Dataset extract
* * *

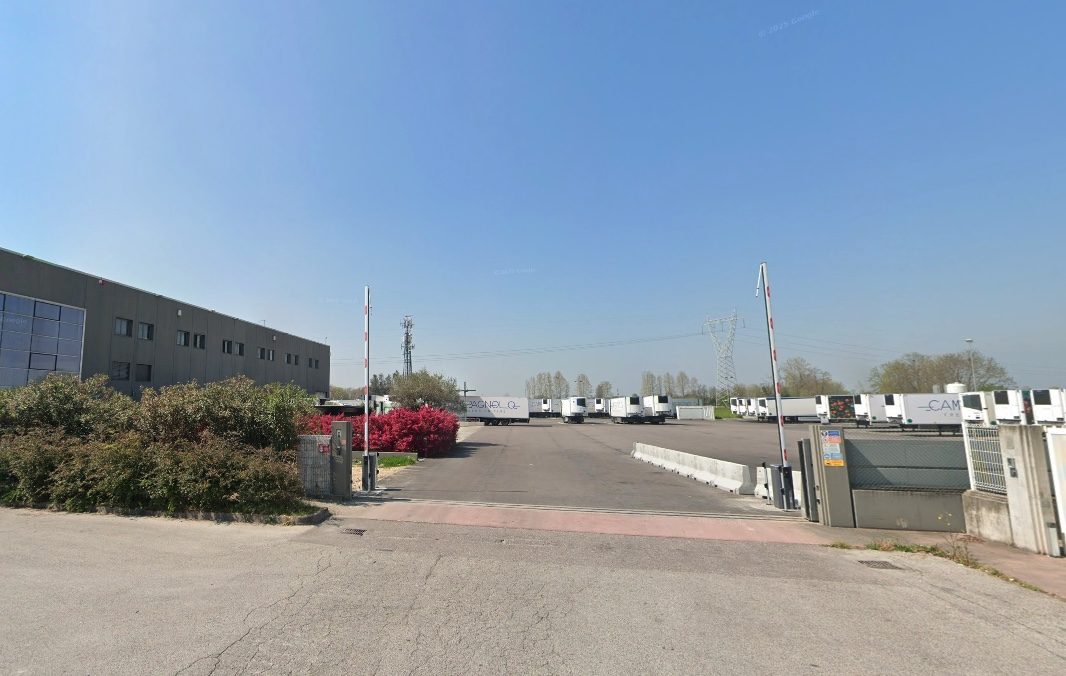 Camion in manovra non si accorge di lei e la investe, Saveria morta a 42 anni nel piazzale dell’azienda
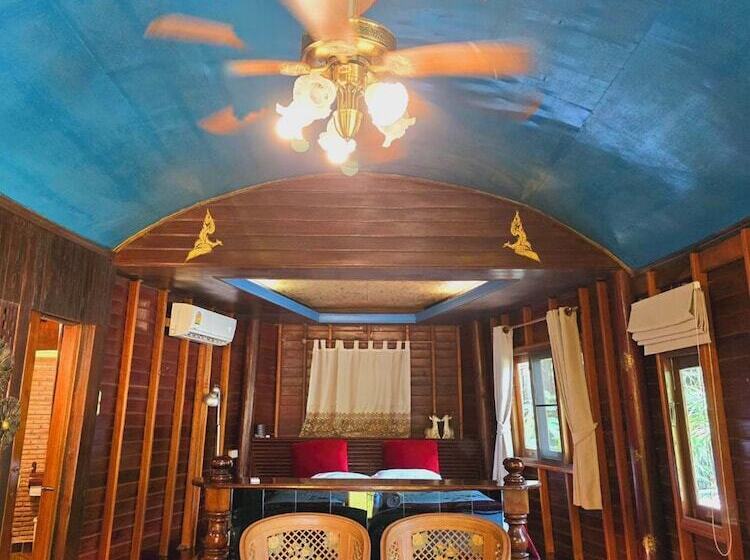 Kaengkrachan Boathouse Paradise Resort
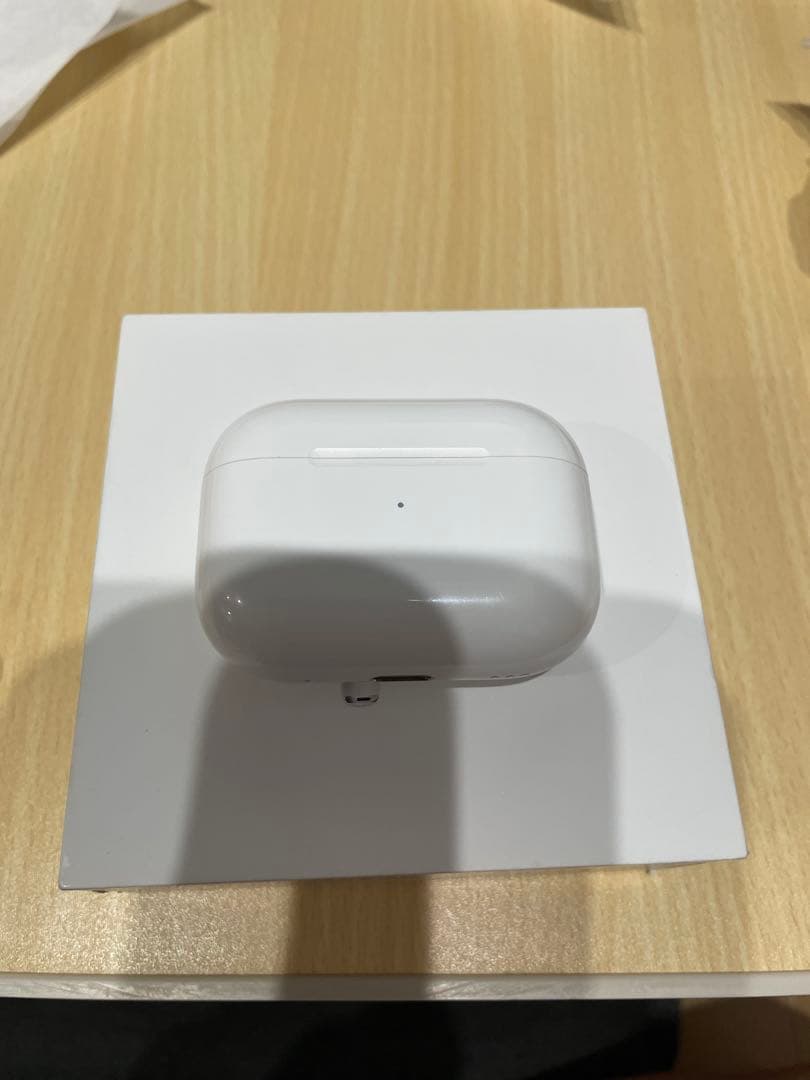 【美品】AirPods Pro 第2世代（MagSafe対応）本体・ケース付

* * *

Problem to work on
What you give back must be exactly the lines of the listing above from the line containing "Kaengkrachan Boathouse Paradise Resort" through its last line, inclusive, without pictures, please.

Output of the task
 Kaengkrachan Boathouse Paradise Resort
 【美品】AirPods Pro 第2世代（MagSafe対応）本体・ケース付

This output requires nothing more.